**Exercise:** Find every line in the records below that holds the word "Beach", and copy each one.

**Records shown:**
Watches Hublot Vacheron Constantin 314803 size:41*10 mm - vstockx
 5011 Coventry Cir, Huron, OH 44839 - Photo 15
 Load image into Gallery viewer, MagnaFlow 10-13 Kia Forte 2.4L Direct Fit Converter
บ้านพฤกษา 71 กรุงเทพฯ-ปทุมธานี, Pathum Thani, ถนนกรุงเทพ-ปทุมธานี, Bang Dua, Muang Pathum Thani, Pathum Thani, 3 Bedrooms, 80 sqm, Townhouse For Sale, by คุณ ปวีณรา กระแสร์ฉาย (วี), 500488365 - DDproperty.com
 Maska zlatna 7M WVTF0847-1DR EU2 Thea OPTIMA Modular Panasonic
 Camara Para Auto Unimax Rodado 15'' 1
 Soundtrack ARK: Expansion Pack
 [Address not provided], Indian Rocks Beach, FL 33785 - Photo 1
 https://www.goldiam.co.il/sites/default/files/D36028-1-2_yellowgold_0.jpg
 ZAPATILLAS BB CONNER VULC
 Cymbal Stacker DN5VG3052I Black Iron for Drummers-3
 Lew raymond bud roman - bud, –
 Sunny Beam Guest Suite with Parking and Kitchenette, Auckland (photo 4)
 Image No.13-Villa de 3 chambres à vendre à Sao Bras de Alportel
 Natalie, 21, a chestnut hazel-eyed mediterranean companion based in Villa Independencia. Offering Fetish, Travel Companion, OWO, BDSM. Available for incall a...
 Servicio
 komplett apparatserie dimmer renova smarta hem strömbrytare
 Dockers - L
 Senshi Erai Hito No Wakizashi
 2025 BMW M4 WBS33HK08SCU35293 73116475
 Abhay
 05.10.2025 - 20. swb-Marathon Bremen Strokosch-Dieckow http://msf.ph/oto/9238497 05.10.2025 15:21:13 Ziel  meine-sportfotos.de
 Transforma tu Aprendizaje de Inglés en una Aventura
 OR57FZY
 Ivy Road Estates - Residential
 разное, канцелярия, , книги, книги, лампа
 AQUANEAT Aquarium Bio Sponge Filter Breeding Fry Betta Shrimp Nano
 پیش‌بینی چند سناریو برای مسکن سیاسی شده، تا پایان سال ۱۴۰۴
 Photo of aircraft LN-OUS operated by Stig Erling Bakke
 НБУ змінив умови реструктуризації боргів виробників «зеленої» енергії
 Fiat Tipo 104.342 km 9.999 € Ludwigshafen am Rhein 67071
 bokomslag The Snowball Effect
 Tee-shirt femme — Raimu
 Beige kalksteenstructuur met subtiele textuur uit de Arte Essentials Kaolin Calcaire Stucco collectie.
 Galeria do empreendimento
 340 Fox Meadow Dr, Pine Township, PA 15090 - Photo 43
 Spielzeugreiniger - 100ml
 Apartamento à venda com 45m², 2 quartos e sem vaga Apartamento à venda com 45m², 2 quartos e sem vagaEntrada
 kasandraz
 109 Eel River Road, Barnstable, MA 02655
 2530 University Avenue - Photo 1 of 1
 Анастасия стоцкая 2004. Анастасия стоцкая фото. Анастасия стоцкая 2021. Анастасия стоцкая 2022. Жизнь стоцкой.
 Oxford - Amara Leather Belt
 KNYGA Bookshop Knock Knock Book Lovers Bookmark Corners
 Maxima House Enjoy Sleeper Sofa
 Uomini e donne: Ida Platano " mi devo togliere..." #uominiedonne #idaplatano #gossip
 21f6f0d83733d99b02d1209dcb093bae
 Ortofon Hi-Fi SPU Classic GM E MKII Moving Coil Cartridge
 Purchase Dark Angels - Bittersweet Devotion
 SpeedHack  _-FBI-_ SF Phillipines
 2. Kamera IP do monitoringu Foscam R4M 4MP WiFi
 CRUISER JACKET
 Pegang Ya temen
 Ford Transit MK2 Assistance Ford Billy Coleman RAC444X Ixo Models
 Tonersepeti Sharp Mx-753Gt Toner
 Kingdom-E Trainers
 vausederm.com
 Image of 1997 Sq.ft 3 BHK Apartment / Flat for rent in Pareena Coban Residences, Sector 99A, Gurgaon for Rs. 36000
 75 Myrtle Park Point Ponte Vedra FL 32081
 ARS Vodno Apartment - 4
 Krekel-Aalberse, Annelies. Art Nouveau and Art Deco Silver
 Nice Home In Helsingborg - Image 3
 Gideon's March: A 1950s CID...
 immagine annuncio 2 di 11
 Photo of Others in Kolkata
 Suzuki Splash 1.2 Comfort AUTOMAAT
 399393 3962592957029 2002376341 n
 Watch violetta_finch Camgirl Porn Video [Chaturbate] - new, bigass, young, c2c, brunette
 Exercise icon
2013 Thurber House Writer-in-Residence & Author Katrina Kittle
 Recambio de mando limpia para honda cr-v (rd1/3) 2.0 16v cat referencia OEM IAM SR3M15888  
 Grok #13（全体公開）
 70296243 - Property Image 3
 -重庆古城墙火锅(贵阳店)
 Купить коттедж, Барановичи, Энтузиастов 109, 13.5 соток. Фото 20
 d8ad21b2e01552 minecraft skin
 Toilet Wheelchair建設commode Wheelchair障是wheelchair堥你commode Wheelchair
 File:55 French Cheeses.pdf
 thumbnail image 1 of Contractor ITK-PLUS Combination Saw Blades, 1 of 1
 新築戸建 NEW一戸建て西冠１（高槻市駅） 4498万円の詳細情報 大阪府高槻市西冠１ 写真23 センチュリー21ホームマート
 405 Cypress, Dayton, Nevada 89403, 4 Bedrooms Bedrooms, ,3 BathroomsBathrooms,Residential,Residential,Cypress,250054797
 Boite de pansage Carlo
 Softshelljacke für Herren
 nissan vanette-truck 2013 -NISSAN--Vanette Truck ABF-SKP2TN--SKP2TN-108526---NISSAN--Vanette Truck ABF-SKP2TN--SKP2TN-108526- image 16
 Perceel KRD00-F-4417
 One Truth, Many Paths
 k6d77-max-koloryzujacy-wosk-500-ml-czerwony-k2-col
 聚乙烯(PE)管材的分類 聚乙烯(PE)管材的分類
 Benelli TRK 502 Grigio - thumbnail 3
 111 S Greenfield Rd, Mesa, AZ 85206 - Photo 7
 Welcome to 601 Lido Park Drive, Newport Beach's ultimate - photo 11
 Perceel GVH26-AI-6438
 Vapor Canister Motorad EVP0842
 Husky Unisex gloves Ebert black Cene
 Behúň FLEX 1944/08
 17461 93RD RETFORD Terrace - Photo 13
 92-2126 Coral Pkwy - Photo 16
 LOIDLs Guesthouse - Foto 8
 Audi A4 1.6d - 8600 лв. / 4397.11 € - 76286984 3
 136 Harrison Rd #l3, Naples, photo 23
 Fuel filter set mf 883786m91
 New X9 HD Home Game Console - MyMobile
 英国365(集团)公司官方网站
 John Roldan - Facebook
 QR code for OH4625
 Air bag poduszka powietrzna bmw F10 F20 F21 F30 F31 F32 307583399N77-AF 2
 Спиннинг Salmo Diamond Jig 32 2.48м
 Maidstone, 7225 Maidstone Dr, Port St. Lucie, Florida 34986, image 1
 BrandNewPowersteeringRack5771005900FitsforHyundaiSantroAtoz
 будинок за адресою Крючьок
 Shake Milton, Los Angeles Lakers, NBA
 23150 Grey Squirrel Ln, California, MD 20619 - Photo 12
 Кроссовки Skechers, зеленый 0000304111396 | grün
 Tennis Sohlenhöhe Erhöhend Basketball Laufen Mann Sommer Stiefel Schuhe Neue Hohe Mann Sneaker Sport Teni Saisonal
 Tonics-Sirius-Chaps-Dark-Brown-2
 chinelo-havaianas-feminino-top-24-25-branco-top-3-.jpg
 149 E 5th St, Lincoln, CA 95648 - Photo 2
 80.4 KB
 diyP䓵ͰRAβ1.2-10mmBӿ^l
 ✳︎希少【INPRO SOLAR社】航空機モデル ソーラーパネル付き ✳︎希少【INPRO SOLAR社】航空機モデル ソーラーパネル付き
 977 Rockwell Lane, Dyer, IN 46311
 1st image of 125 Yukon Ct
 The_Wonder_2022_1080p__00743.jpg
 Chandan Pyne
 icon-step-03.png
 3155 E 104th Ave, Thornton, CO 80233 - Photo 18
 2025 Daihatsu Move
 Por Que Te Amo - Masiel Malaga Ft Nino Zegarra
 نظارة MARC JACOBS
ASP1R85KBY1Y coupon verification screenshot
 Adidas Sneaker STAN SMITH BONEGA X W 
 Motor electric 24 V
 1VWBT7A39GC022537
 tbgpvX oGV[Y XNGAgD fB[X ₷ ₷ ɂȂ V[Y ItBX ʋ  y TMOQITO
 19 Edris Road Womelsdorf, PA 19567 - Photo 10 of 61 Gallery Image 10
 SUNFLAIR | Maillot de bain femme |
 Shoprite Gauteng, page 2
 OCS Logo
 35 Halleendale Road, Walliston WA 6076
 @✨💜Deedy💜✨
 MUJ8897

**Expected answer:**
 [Address not provided], Indian Rocks Beach, FL 33785 - Photo 1
 Welcome to 601 Lido Park Drive, Newport Beach's ultimate - photo 11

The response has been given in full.